Information supplied:
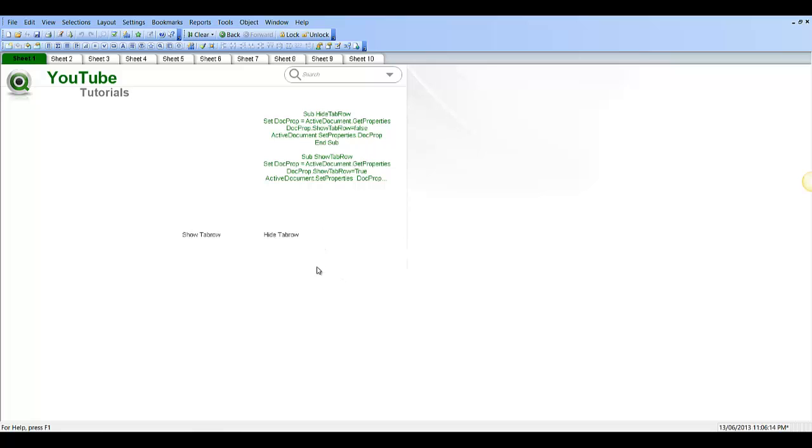So that's pretty much it. That's a macro to create buttons and show and hide tab row in QlikView. I hope that helps and I'll see you next video. Cheers.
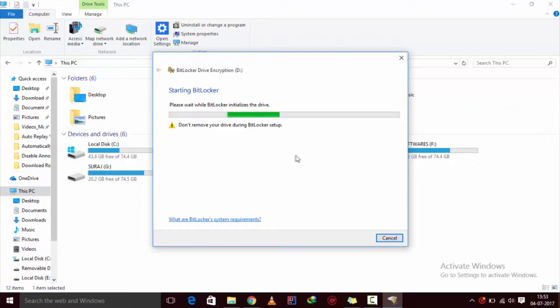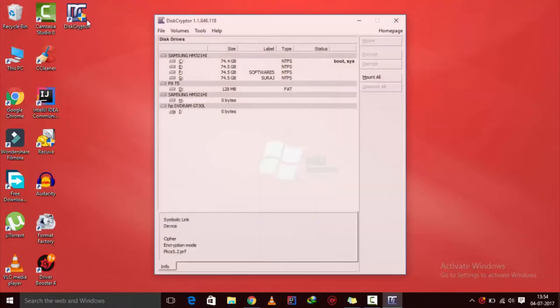If that doesn't work for you, download a software called Descriptor from the link in the description.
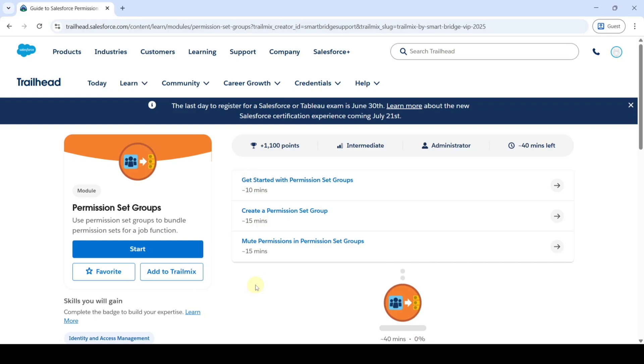Hi, hello everyone, welcome back to our channel. Today we are going to solve the permission set groups module, and the first challenge is 'Get Started with Permission Set Groups'. Click on that.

What this task involves: This exercise asks for an exact copy of the lines from the first one in the data through the line that contains "If that doesn't", pictures excluded.

Exercise output:
So that's pretty much it. That's a macro to create buttons and show and hide tab row in QlikView. I hope that helps and I'll see you next video. Cheers.
If that doesn't work for you, download a software called Descriptor from the link in the description.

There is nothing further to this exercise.